JOHNSON, Circuit Judge:
Appellant, state prisoner Robert Procup, brought this action pro se in the Middle District of Florida against prison officials who had allegedly stolen his mail. After reviewing Procup's complaint and his affidavit seeking permission to prosecute the claim in forma pauperis, the district court sua sponte entered an order which (1) noted the volume and nature of Procup's previous lawsuits, (2) expressed concern that Procup was engaging in abuse of the judicial process, and (3) gave Procup thirty days to show cause why he should not be enjoined from filing any further pleadings in the Middle District of Florida.

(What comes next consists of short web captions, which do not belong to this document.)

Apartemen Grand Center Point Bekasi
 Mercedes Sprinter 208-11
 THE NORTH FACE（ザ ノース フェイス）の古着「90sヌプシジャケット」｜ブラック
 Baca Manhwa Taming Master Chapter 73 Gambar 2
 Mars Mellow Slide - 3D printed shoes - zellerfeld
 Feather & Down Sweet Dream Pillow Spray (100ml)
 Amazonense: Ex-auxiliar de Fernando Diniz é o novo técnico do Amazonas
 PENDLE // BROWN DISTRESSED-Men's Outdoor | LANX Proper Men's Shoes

The order also allowed the State of Florida thirty days in which to present its position as to the propriety of such an injunction. After considering responses from Procup and the State of Florida, the district court invoked its powers under the All Writs Act, 28 U.S.C.A. Sec. 1651(a), 1 and permanently enjoined Procup from filing in the Middle District of Florida "any additional cases or pleadings therein ... unless ... submitted on behalf of Procup by an attorney admitted to practice before this Court." Procup v. Strickland, 567 F.Supp. 146, 162 (M.D.Fla.1983). Because the injunction unduly burdens Procup's constitutional right of access to the courts and seeks to absolve the district court of its responsibility to examine prisoner complaints for frivolity or maliciousness on a case-by-case basis, we reverse.
Since 1979, Procup has been increasingly active as a pro se litigant, bringing the majority of his lawsuits under 42 U.S.C.A. Sec. 1983 as challenges to various conditions of his confinement in Florida prisons. Based on Procup's lack of success in any action prosecuted thus far, the patently frivolous nature of several of his claims, the repetitive assertion of various claims, a persistent refusal to abide by local rules, and an apparently malicious motive for initiating certain actions, the district court below found that Procup "has engaged and continues to engage in a gross abuse of the judicial process." Id. at 156.
We do not question this finding, 2 as the district court provides ample documentation
for the conclusion that Procup is excessively litigious. Id. at 148-56. Our concern, instead, is with the overbroad remedy employed by the district court. No analogous precedent from this or any other circuit has affirmed such a restrictive injunction. Its unlimited scope denies Procup adequate, effective, and meaningful access to the courts. Moreover, inherent in a judicial ruling which completely 3 forecloses an individual's pro se access to federal court is an ominous abandonment of judicial responsibility, the import of which far exceeds the actual abuse attributable even to the exceptional prisoner litigant. The efficient operation of our judicial system does not require the issuance of an unlimited restriction on this pro se litigant's access to the courts. Existing federal rules governing pro se and in forma pauperis appearances and local rules when properly designed to streamline pleadings and ferret out abuse should suffice. The magnitude of Procup's abuse does not justify creating a rule that permits the judicial officer charged with the responsibility of reviewing prisoner complaints on a case-by-case basis to refuse to consider these claims altogether. To the contrary, the magnitude of Procup's abuse serves to emphasize the degree to which the pro se litigant's right of access to our courts retains its constitutional significance.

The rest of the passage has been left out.